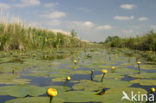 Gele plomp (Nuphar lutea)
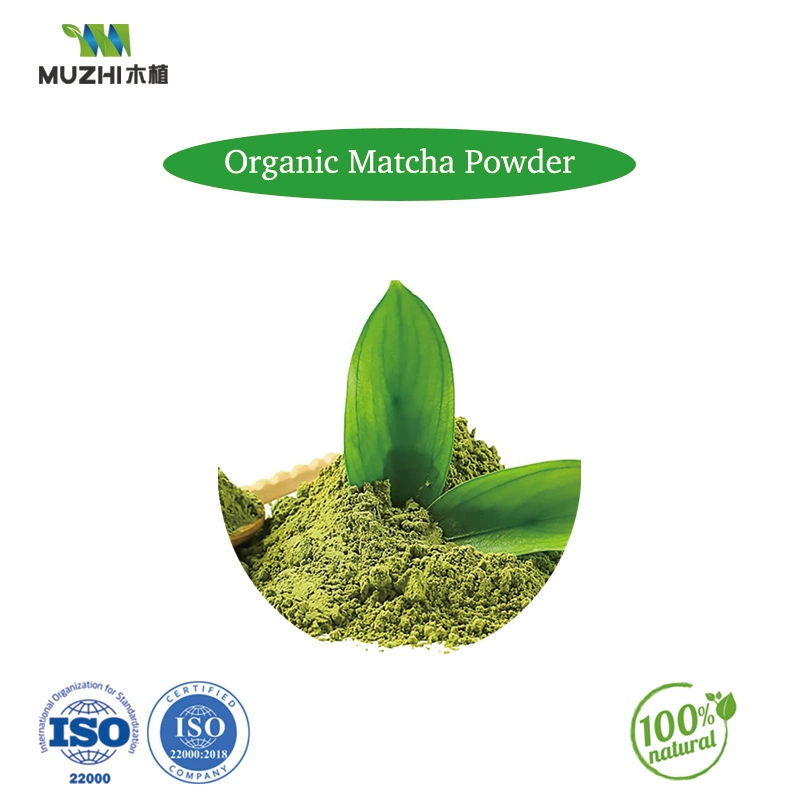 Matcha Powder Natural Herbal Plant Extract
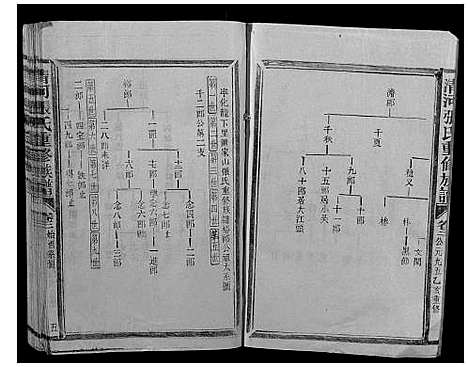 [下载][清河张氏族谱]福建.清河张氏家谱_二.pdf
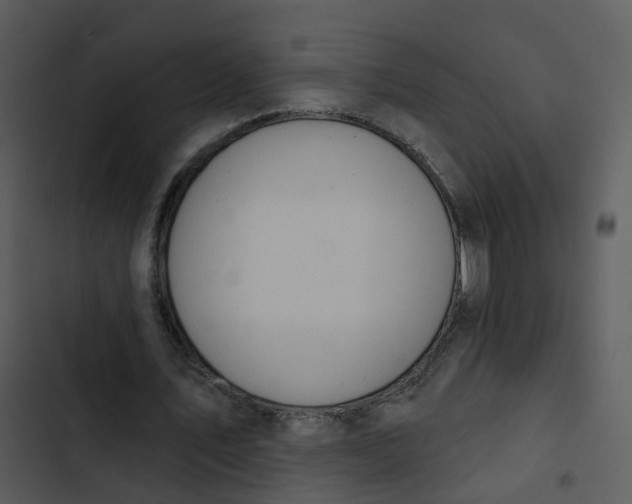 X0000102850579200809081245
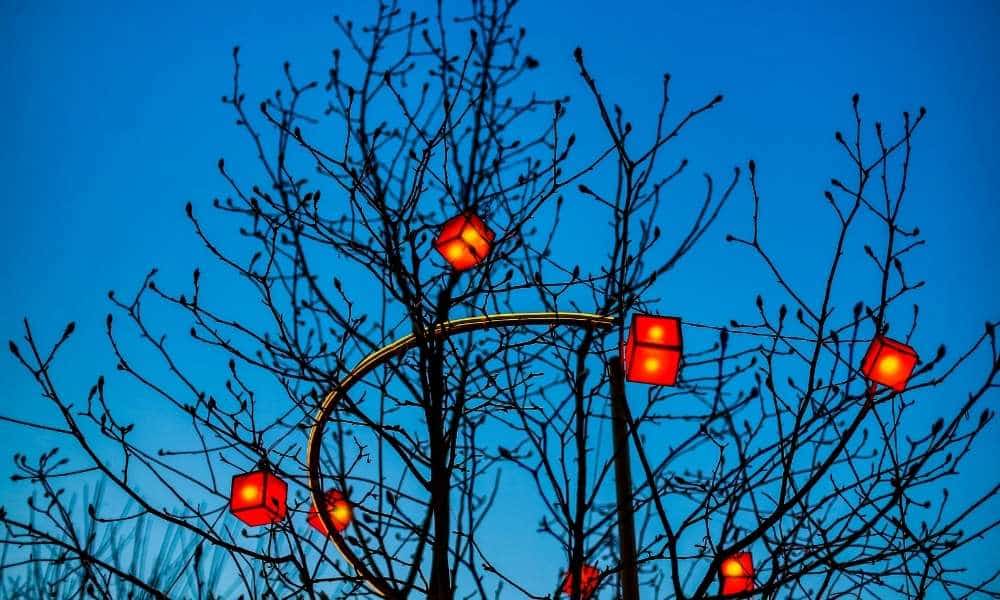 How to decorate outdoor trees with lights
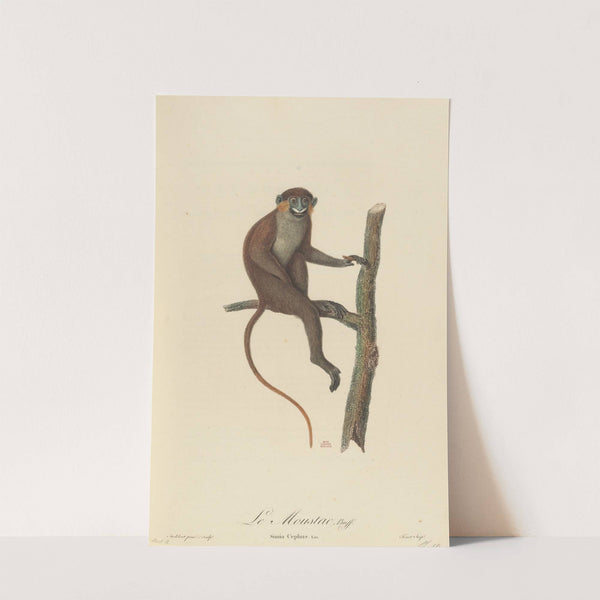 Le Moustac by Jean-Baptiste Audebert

· · · ·

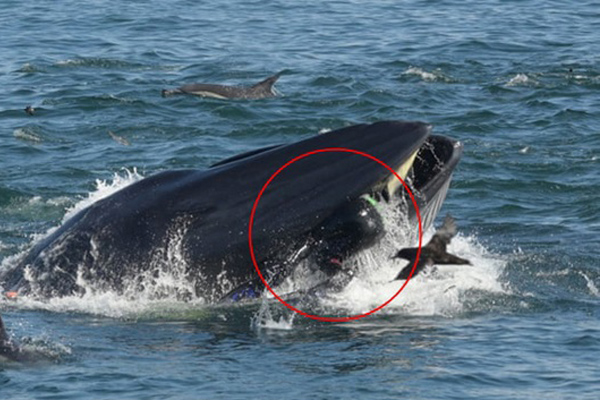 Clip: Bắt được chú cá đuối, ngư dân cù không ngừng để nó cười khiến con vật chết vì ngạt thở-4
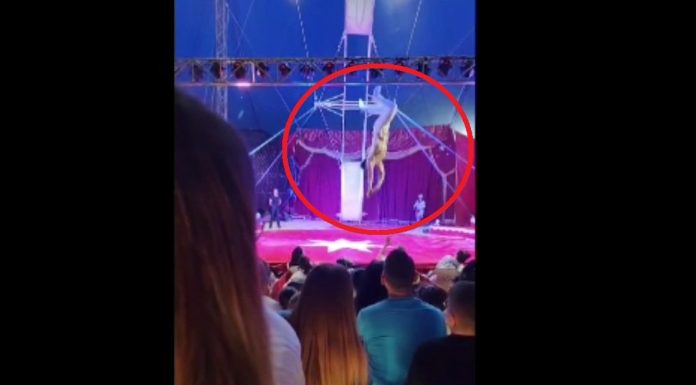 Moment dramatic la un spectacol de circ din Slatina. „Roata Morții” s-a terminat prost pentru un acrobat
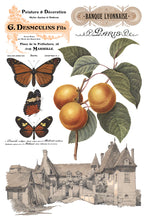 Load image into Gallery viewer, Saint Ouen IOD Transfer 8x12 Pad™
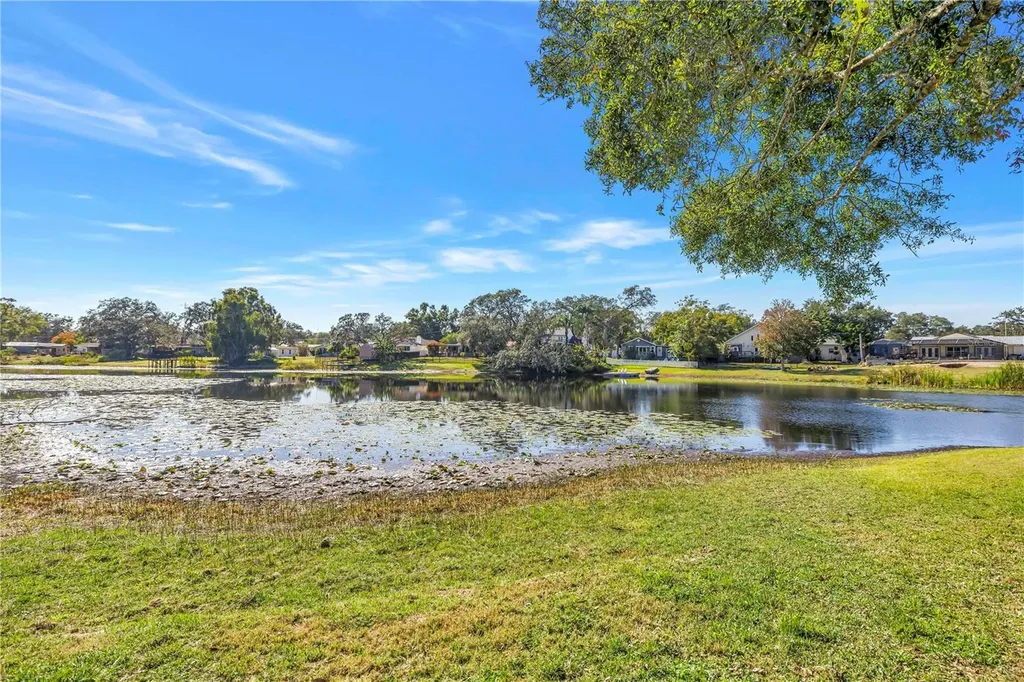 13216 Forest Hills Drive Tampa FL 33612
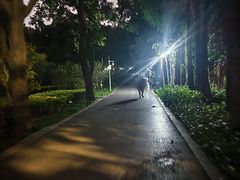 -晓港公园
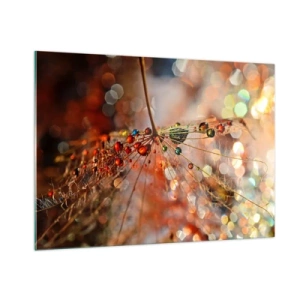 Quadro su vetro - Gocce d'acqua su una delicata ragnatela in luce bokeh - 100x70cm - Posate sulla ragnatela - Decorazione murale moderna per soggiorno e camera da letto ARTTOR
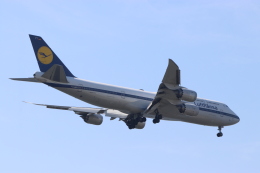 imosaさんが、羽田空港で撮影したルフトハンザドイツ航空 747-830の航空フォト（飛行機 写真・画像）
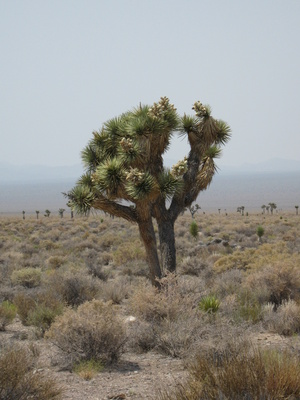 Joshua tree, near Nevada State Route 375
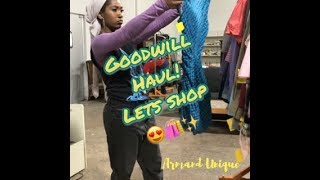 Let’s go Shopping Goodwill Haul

· · · ·

■ Task description: Each line above from the one containing "Load image into" through the one containing "Let’s go Shopping Goodwill Haul" is to be returned verbatim. Nothing else, and no pictures.

■ Answer to this task:
 Load image into Gallery viewer, Saint Ouen IOD Transfer 8x12 Pad™
 13216 Forest Hills Drive Tampa FL 33612
 -晓港公园
 Quadro su vetro - Gocce d'acqua su una delicata ragnatela in luce bokeh - 100x70cm - Posate sulla ragnatela - Decorazione murale moderna per soggiorno e camera da letto ARTTOR
 imosaさんが、羽田空港で撮影したルフトハンザドイツ航空 747-830の航空フォト（飛行機 写真・画像）
 Joshua tree, near Nevada State Route 375
 Let’s go Shopping Goodwill Haul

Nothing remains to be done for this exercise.